Regex to search html return, but not actual html jQuery

Question

I'm making a highlighting plugin for a client to find things in a page and I decided to test it with a help viewer im still building but I'm having an issue that'll (probably) require some regex.

I do not want to parse HTML, and im totally open on how to do this differently, this just seems like the the best/right way.

http://oscargodson.com/labs/help-viewer

http://oscargodson.com/labs/help-viewer/js/jquery.jhighlight.js

Type something in the search... ok, refresh the page, now type, like, class or class=" or type <a you'll notice it'll search the actual HTML (as expected). How can I only search the text?

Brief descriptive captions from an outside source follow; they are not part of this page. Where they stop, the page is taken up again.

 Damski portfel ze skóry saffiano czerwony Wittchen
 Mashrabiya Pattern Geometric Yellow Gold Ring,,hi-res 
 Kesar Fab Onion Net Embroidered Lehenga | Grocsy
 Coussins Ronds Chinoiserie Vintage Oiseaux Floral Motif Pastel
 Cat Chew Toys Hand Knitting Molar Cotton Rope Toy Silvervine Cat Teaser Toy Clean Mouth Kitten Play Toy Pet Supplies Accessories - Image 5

If i do .text() it'll vaporize all the HTML and what i get back will just be a big blob of text, but i still want the HTML so I dont lose formatting, links, images, etc. I want this to work like CMD/CTRL+F.

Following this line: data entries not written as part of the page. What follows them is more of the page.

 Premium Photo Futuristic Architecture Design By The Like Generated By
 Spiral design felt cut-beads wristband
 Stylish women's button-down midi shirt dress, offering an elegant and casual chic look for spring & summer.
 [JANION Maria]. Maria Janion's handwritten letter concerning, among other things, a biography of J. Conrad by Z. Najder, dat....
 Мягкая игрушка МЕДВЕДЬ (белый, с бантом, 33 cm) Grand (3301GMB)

You'd use this plugin like:

$('article').jhighlight({find:'class'});

To remove them:

.jhighlight('remove')

==UPDATE==

While Mike Samuel's idea below does in fact work, it's a tad heavy for this plugin. It's mainly for a client looking to erase bad words and/or MS Word characters during a "publishing" process of a form. I'm looking for a more lightweight fix, any ideas?

score 2 · Answer 1 · answered Mar 23 '11 at 10:21

You really don't want to use eval, mess with innerHTML or parse the markup "manually". The best way, in my opinion, is to deal with text nodes directly and keep a cache of the original html to erase the highlights. Quick rewrite, with comments:

(function($){
  $.fn.jhighlight = function(opt) {

    var options = $.extend($.fn.jhighlight.defaults, opt)
      , txtProp = this[0].textContent ? 'textContent' : 'innerText';

    if ($.trim(options.find.length) < 1) return this;

    return this.each(function(){

      var self = $(this);

      // use a cache to clear the highlights
      if (!self.data('htmlCache'))
        self.data('htmlCache', self.html());

      if(opt === 'remove'){
        return self.html( self.data('htmlCache') );
      }

     // create Tree Walker
     // https://developer.mozilla.org/en/DOM/treeWalker
     var walker = document.createTreeWalker(
          this, // walk only on target element
          NodeFilter.SHOW_TEXT,
          null,
          false
      );

      var node
        , matches
        , flags = 'g' + (!options.caseSensitive ? 'i' : '')
        , exp = new RegExp('('+options.find+')', flags) // capturing
        , expSplit = new RegExp(options.find, flags) // no capturing
        , highlights = [];

      // walk this wayy
      // and save matched nodes for later
      while(node = walker.nextNode()){
        if (matches = node.nodeValue.match(exp)){
          highlights.push([node, matches]);
        }
      }

      // must replace stuff after the walker is finished
      // otherwise replacing a node will halt the walker
      for(var nn=0,hln=highlights.length; nn<hln; nn++){

        var node = highlights[nn][0]
          , matches = highlights[nn][1]
          , parts = node.nodeValue.split(expSplit) // split on matches
          , frag = document.createDocumentFragment(); // temporary holder

        // add text + highlighted parts in between
        // like a .join() but with elements :)
        for(var i=0,ln=parts.length; i<ln; i++){

          // non-highlighted text
          if (parts[i].length)
            frag.appendChild(document.createTextNode(parts[i]));

          // highlighted text
          // skip last iteration
          if (i < ln-1){
            var h = document.createElement('span');
            h.className = options.className;
            h[txtProp] = matches[i];
            frag.appendChild(h);
          }
        }
        // replace the original text node
        node.parentNode.replaceChild(frag, node);
      };

    });
  };

 $.fn.jhighlight.defaults = {
    find:'',
    className:'jhighlight',
    color:'#FFF77B',
    caseSensitive:false,
    wrappingTag:'span'
 };

})(jQuery);

If you're doing any manipulation on the page, you might want to replace the caching with another clean-up mechanism, not trivial though.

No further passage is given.